» **Data segment**
==*==

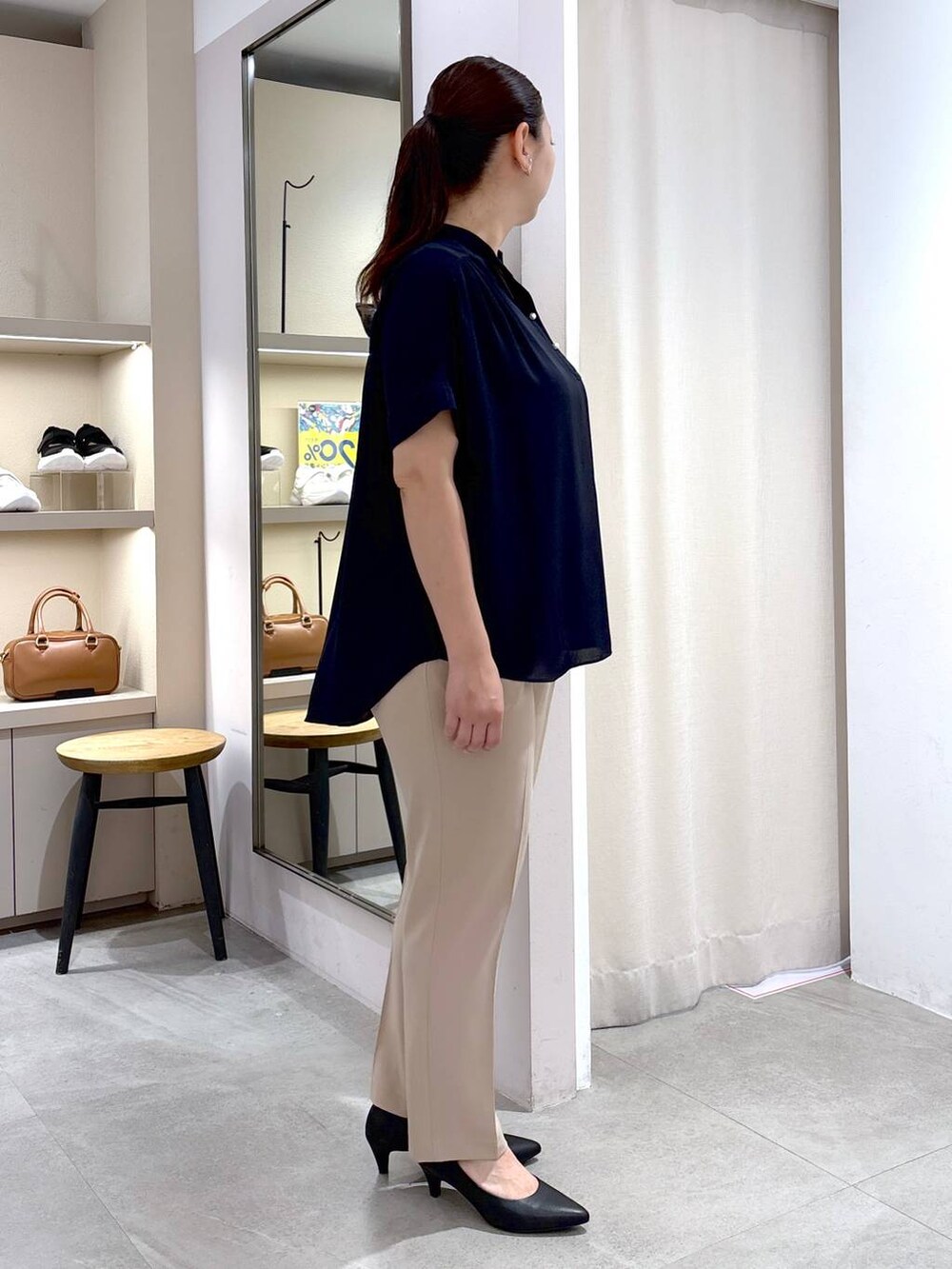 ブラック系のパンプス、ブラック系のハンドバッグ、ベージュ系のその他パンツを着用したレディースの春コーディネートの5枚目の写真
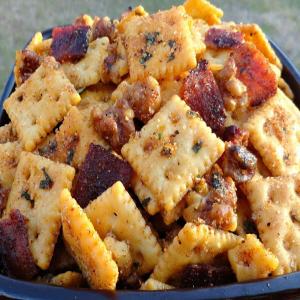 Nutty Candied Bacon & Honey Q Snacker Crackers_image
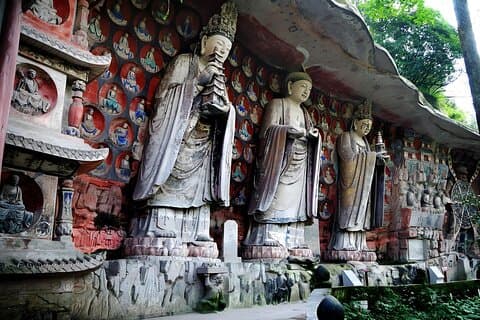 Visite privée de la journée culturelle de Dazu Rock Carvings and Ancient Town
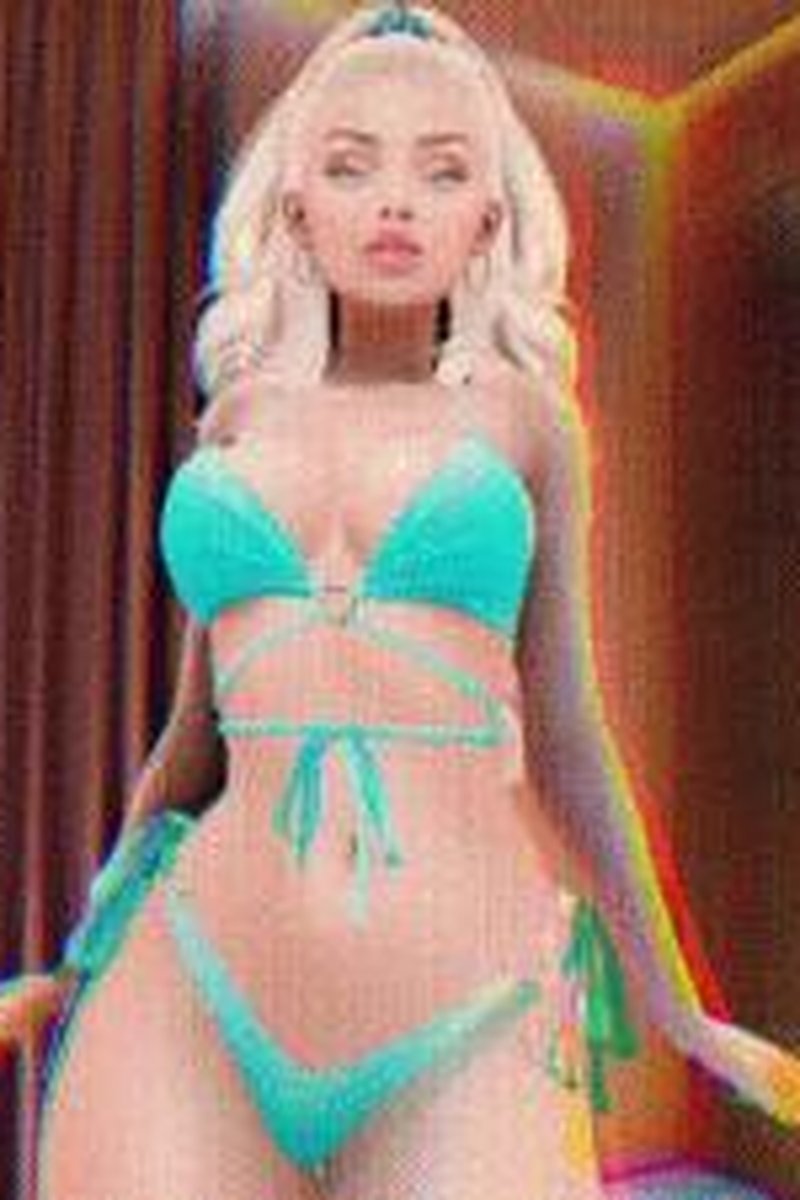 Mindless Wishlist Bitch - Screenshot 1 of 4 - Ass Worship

==*==

» **Problem to work on**
Reproduce the material word for word, but without its images.

» **Exercise answer**
 ブラック系のパンプス、ブラック系のハンドバッグ、ベージュ系のその他パンツを着用したレディースの春コーディネートの5枚目の写真
 Nutty Candied Bacon & Honey Q Snacker Crackers_image
 Visite privée de la journée culturelle de Dazu Rock Carvings and Ancient Town
 Mindless Wishlist Bitch - Screenshot 1 of 4 - Ass Worship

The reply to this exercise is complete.